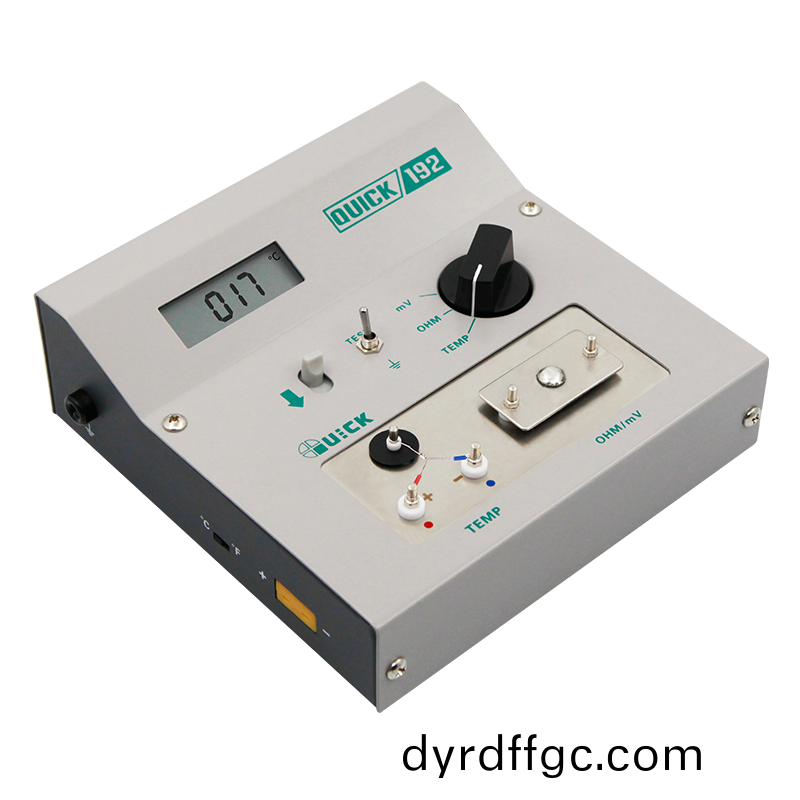 192 銲(han)咀(ju)溫度(du)測試(shi)儀(yi)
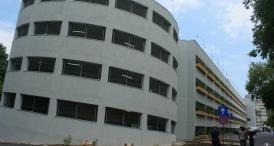 Se pune taxare în singura parcare supraetajată şi gratuită din Constanţa. Cum este posibil? Explicaţii de la Făgădău (document) 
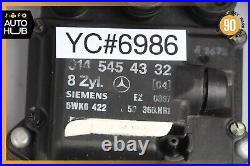 92-95 Mercedes R129 SL500 S500 V8 EZL Ignition Control Module 0145454332 OEM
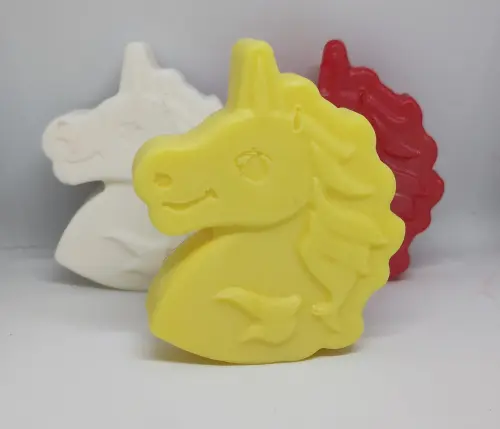 Kit banho unicórnio
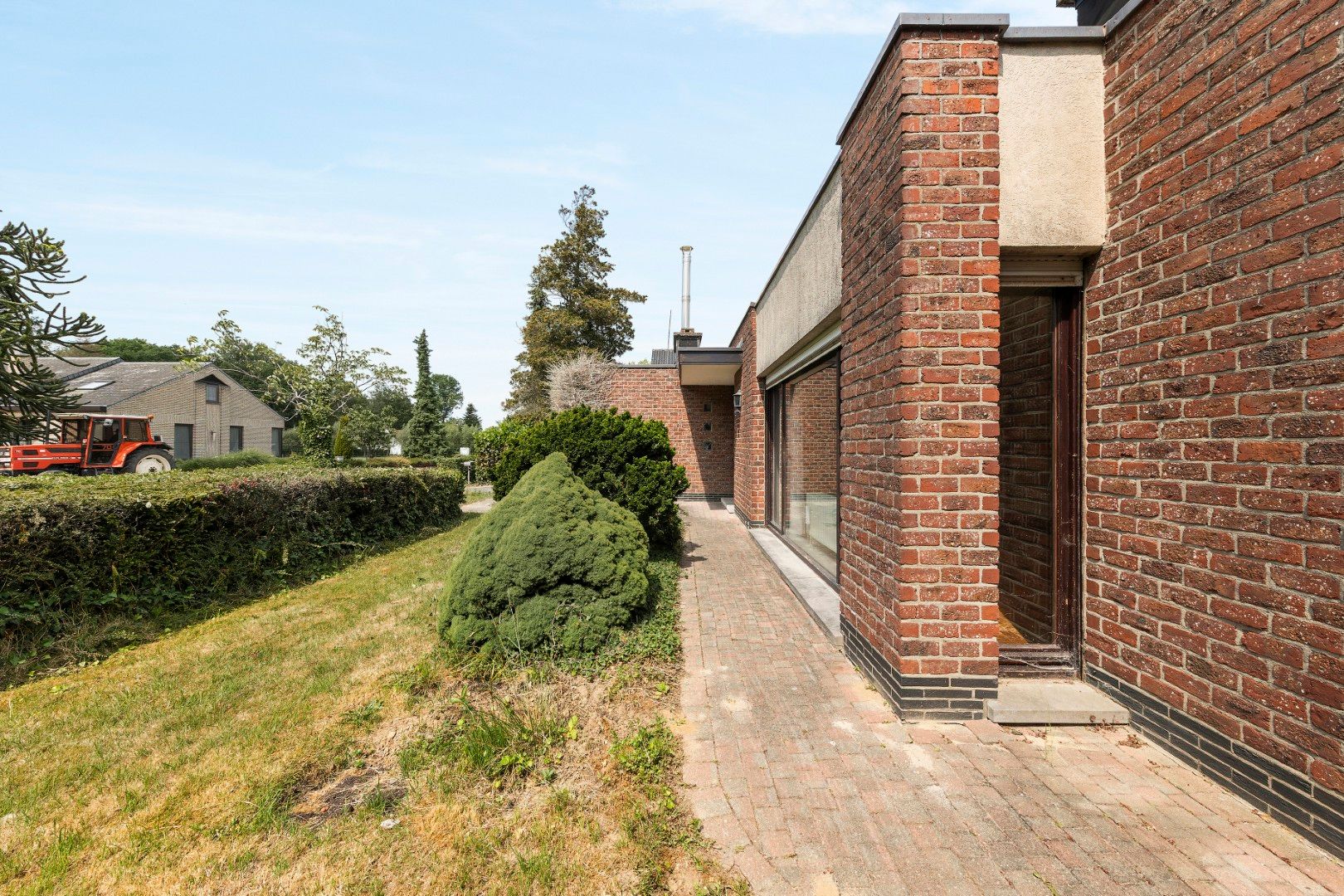 BUNGALOW MET POTENTIEEL AAN HET KLUISBOS foto 28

**Exercise goal:** Exact copy, no pictures: reproduce every record above.

**Result for this exercise:**
 192 銲(han)咀(ju)溫度(du)測試(shi)儀(yi)
 Se pune taxare în singura parcare supraetajată şi gratuită din Constanţa. Cum este posibil? Explicaţii de la Făgădău (document) 
 92-95 Mercedes R129 SL500 S500 V8 EZL Ignition Control Module 0145454332 OEM
 Kit banho unicórnio
 BUNGALOW MET POTENTIEEL AAN HET KLUISBOS foto 28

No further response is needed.